Investment analysts have attributed this action to the significant poor performance of the fund over recent months. Neil Woodford was once the darling fund manager who could do no wrong. A few years ago he was riding high when he left his employer, Invesco Perpetual, to set up his own company, Woodford Funds. With a reputation for having the midas touch, he’d built a large following amongst both retail and institutional investors, many of whom followed him to his new venture.

Once the blue-eyed boy, his public apology probably hasn’t gone far enough in the minds of some investors who are unable to withdraw their funds and are now nursing significant losses.

There are a number of issues at play here which, as advisers, we seek to address when managing client portfolios.  

Don’t put all your eggs in one basket

Investing is about managing risk and diversification is a key part of this. Committing all your money to one investment manager is never a great idea. By selecting a range of funds, we spread the risk within portfolios.

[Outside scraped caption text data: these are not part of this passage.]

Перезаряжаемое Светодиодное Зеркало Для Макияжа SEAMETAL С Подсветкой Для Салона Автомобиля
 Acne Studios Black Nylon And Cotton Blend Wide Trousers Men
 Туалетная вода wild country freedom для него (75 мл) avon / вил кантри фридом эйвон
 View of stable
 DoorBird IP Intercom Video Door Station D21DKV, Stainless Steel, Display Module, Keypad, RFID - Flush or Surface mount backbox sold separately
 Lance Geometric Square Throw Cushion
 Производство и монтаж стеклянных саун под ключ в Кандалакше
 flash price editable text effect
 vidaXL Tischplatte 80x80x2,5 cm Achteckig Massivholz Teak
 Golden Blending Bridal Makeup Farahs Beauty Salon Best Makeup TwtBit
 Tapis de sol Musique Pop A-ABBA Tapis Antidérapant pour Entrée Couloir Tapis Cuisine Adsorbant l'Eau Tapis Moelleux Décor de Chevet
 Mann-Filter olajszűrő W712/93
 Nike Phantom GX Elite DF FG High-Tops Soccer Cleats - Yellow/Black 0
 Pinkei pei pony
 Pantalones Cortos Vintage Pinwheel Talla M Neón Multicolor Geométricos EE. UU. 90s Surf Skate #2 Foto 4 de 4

Good governance is essential

A robust governance process is important when managing client portfolios. When selecting funds as part of a portfolio, our established investment governance process ensures that these are regularly reviewed and action is taken where and when appropriate. This framework ensures that we act early on managing any potential risks that may impact portfolio performance.

Asset allocation is a key driver to performance

It is not just about selecting the right funds. When constructing client portfolios, we take into account the importance of asset allocation. This is the split between different types of investments such as UK and overseas equities, fixed interest and cash.  Asset allocation is as important as fund selection.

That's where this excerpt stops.